Given that the court was satisfied that the company’s director had followed Bellizzi’s instructions, the magistrate argued that it “could not understand how the prosecution, along with the OHSA, did not take into account Spiteri’s conclusions also to prosecute Nicholas Bellizzi.”
The court’s observations about how the prosecution decided who to charge with involuntary homicide were even more damning.
“Even here, the expert appointed by the inquiring magistrate had an opinion which was very different from the prosecution’s in relation to who is to answer for this tragic death, and it was clear that there was total confusion about who should be held criminally responsible for this tragedy,” the court stated.
One reason the case has been ongoing for a decade is that the police and the OHSA decided to launch a separate criminal case against the only other employee on the factory floor who was working on the same machine Matthew was using before the accident.
The case was filed just before the criminal case against the company’s management. While it came to a close, it took an additional four years to be decided on appeal, which eventually led to that employee’s exoneration. While that took place, the criminal case against the directors was put on hold.

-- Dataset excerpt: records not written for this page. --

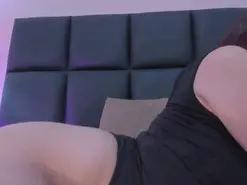 AndraCyrus  live sex cam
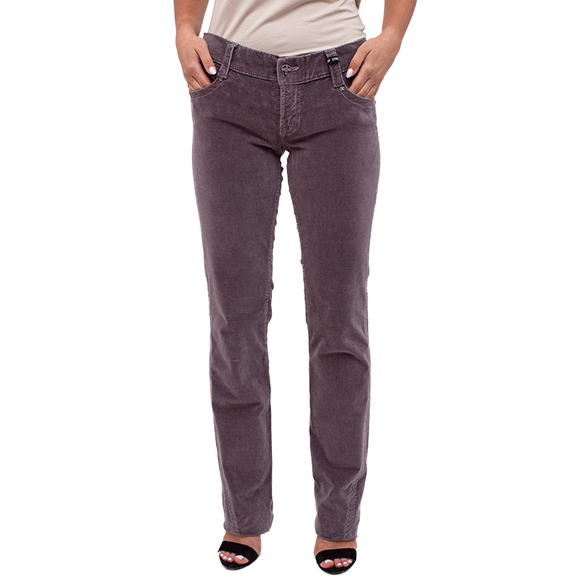 Tag Jeans Pants Women size S Rosy Brown - Picture 2 of 5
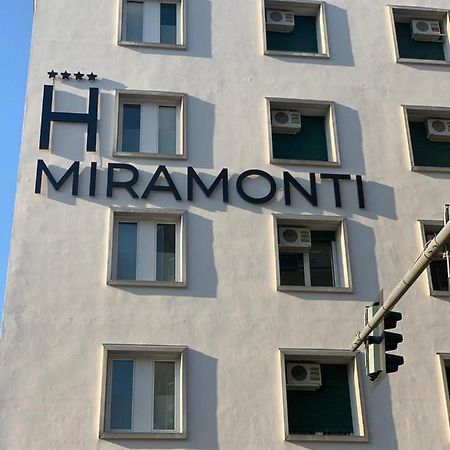 Hotel Miramonti Скио Экстерьер фото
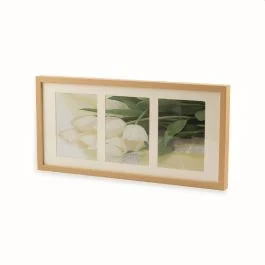 Cornice portafoto 25x52x3 cm
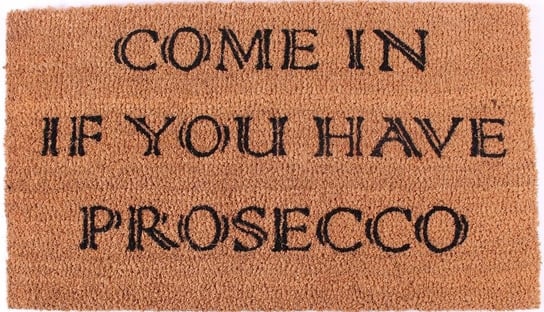 Wycieraczka wejściowa Prosecco MIA home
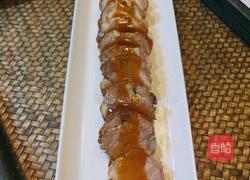 日式叉烧猪骨汤面的做法图解12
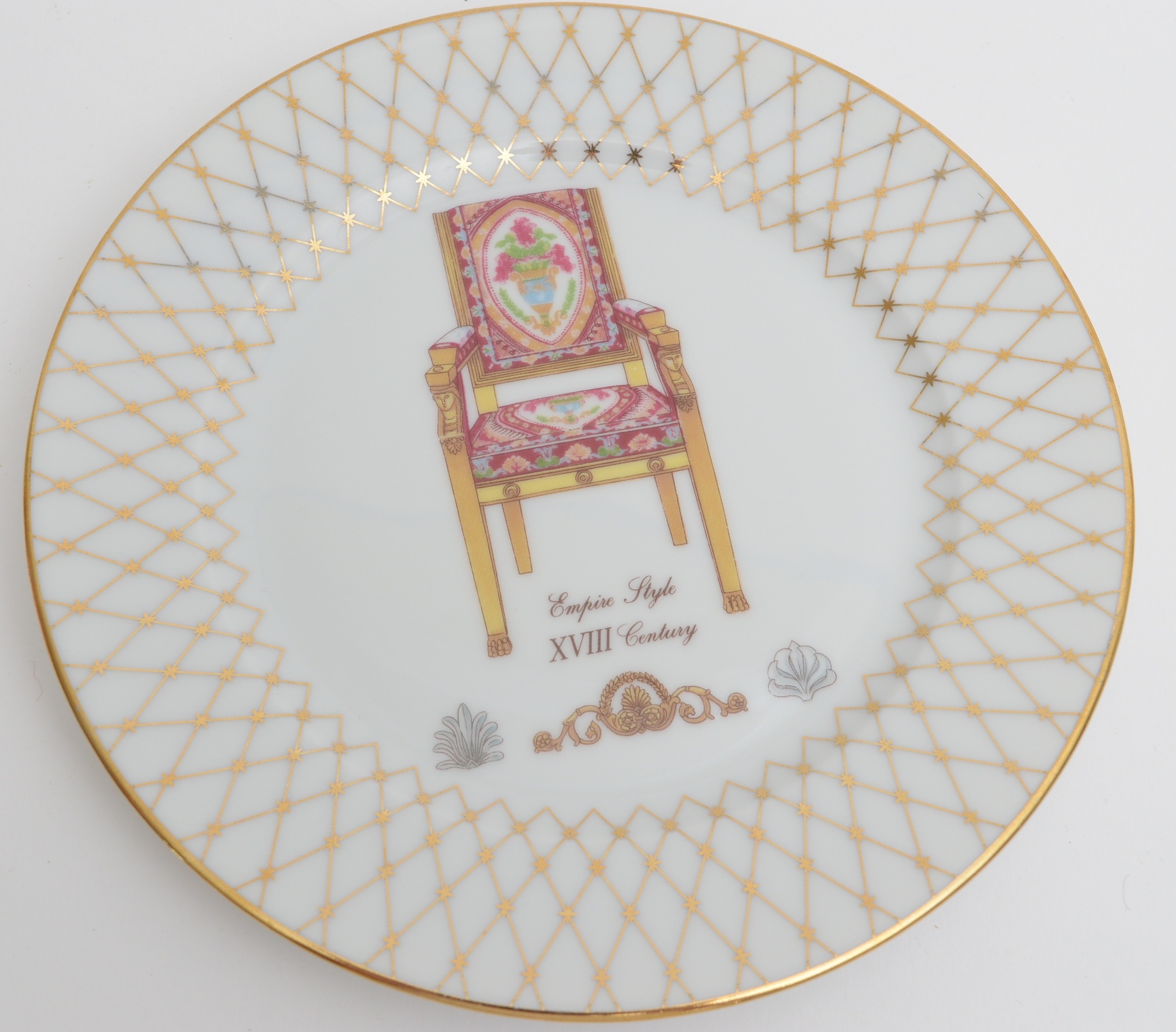 Mixed China Collection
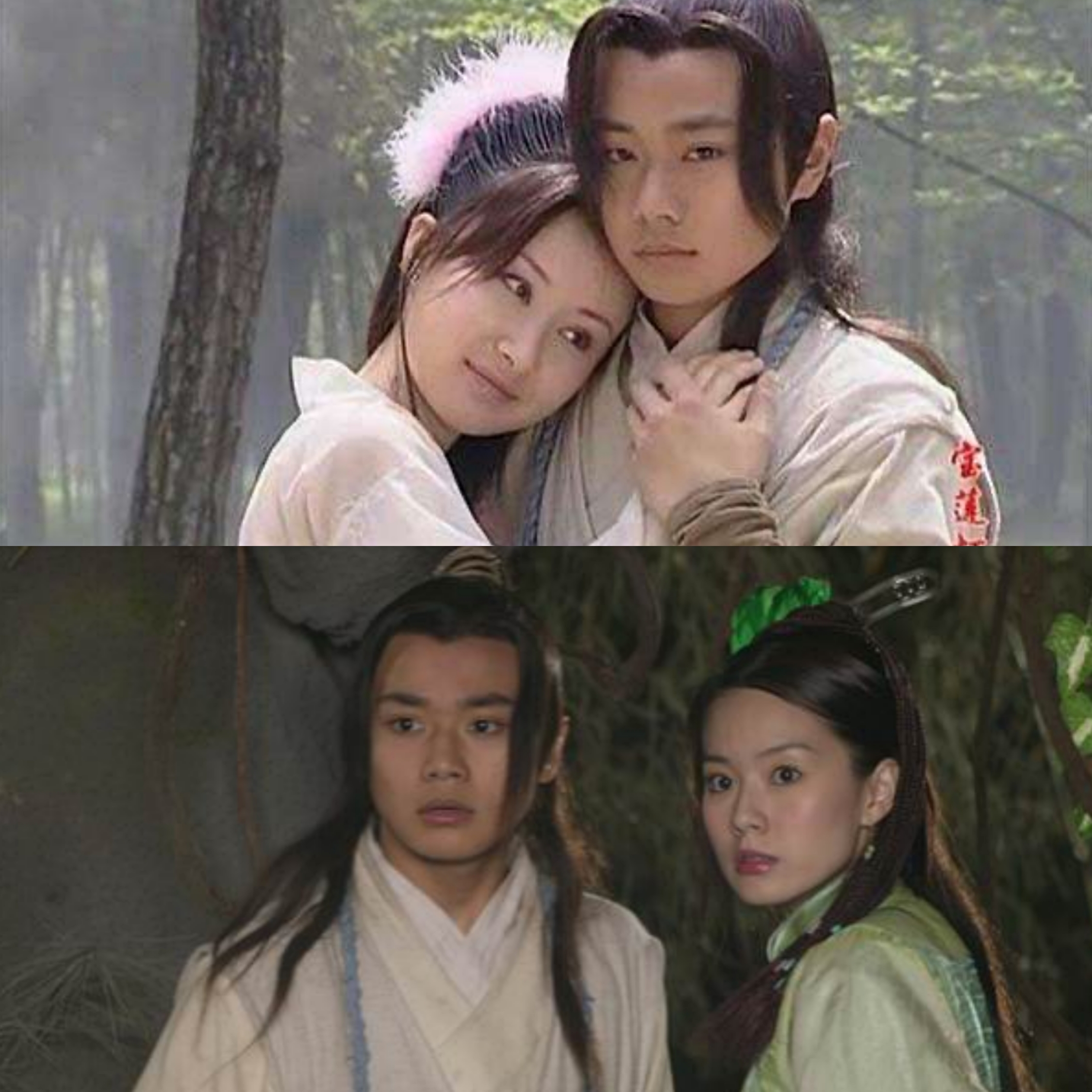 新加坡女星陈丽萍电视剧,新加坡女星陈丽萍最美图片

Because of all these deviations from the magisterial inquiry’s original findings and a failure to decisively assign criminal responsibility, the presiding magistrate could not find the accused guilty of involuntary homicide.
The court also lamented that the prosecution failed to prove that the employers knowingly falsified Bonello’s employment documents and failed to provide testimonies attesting to how Agius’ alleged criminal behaviour in this case constituted recidivism.

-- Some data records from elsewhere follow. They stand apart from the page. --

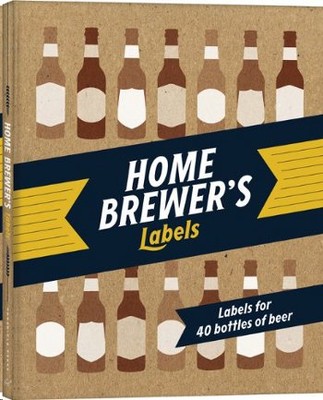 Home Brewer's: Bottles of Beer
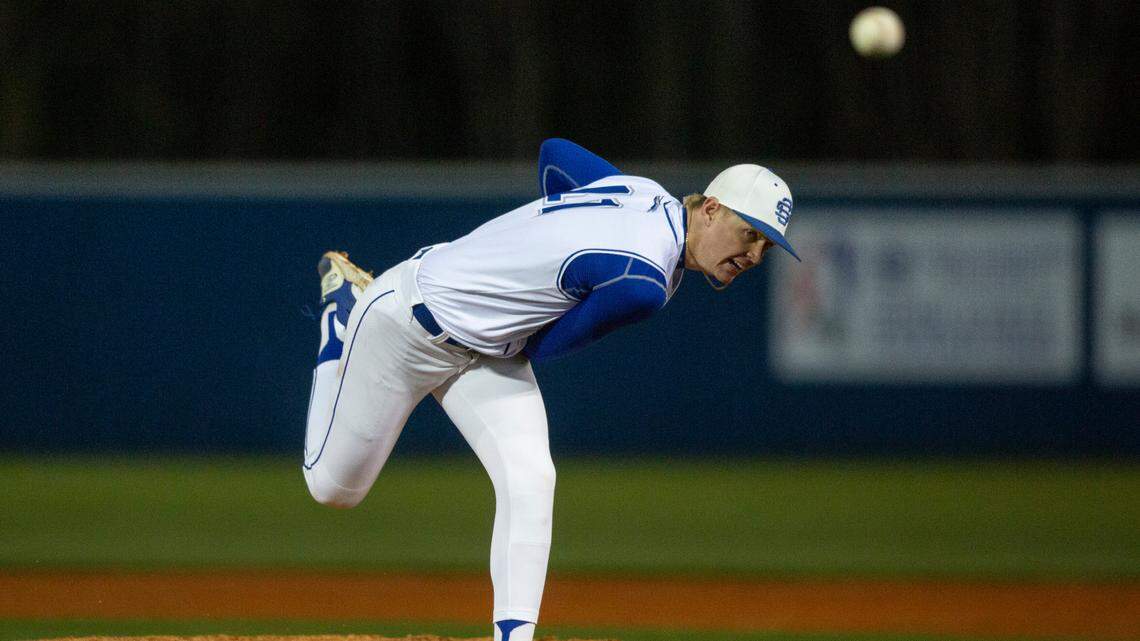 It’s time to vote for the Sun Herald’s MS Coast Athlete of the Week for March 18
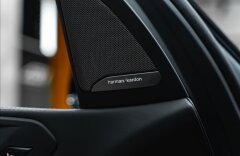 BMW X5 4,4 M60i xDRIVE, H/K, PANO, SOFTCLOSE, MASÁŽE
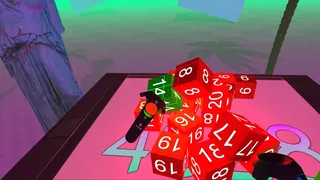 Скриншот 5 к игре Defuser VR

‘Matthew’s life has been taken away twice over’
The judicial protest filed by Bartolo’s parents this week seeks to immediately hold the authorities responsible, as well as the individuals involved on a personal basis, for the damages suffered by the family.
Speaking to The Shift, the lawyers for the Bartolo family said “the victim’s family was devastated.”
“After eight long years of judicial proceedings, we are faced with incontrovertible evidence of various shortcomings by design by the Police and the OHSA which contributed to the accused’s acquittal,” he added.
The family’s lawyer further noted that in 2018, they had filed a judicial protest on behalf of the victim’s family against the state’s institutions, naming the police, the OHSA, the attorney general, the minister for social dialogue, and the minister for home affairs.
“In 2018, in the judicial protest we had filed on behalf of the family, we had already stated that there was disorganisation and a serious lack of communication between the police commissioner and the OHSA, and that this was consequently prejudicing the compilation of evidence to the detriment of the Bartolo family’s judicial interests,” Busietta explained.
At the time, the OHSA had totally dismissed the family’s claims, which Monday’s court judgement has effectively vindicated.
Now, the family says they will file judicial proceedings against the same state entities mentioned above in their latest attempt to hold institutions accountable for the damages they suffered.
“Matthew Bartolo’s life has been taken away twice over, once tragically and now due to various shortcomings as confirmed by the court,” the lawyer said.